(Source material Opens)

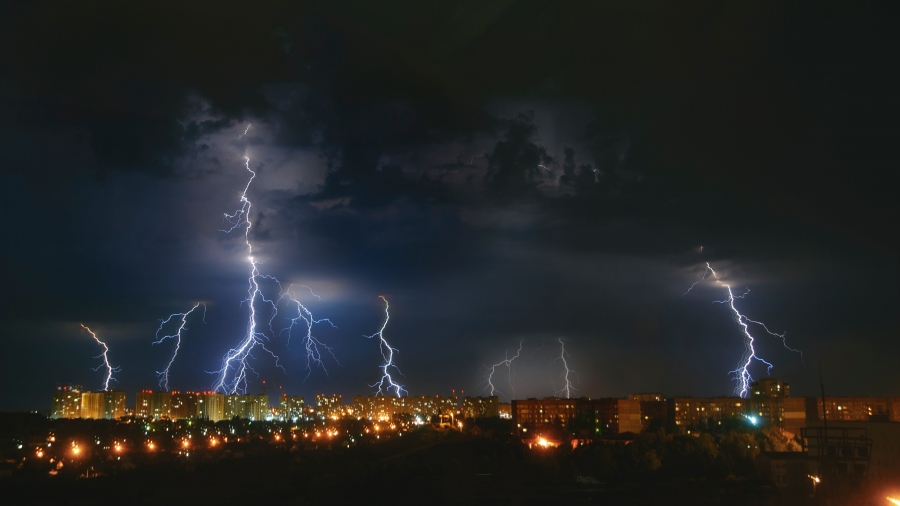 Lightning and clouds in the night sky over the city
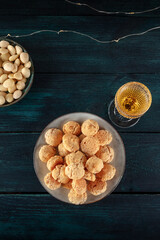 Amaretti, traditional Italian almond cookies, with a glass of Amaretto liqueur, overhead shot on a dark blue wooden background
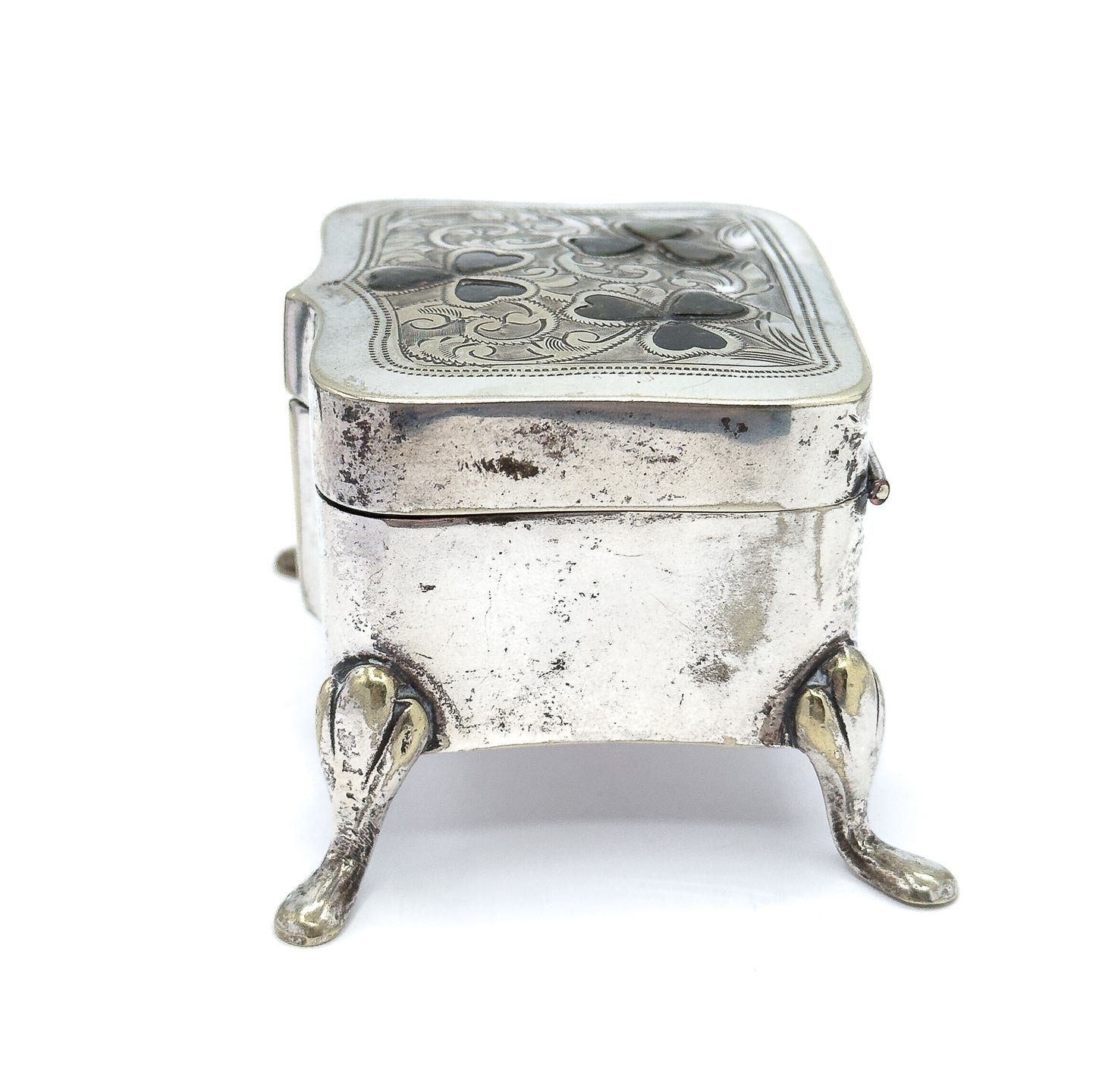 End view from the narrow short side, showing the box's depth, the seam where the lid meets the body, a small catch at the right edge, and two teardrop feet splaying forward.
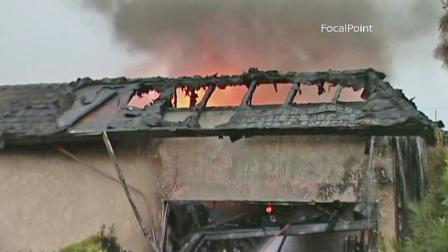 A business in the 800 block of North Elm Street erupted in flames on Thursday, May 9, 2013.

(Source material Closes)

Find the line that has "End view from" in the listing, then retype it and each later line up to the last, exactly. Leave pictures out.

 End view from the narrow short side, showing the box's depth, the seam where the lid meets the body, a small catch at the right edge, and two teardrop feet splaying forward.
 A business in the 800 block of North Elm Street erupted in flames on Thursday, May 9, 2013.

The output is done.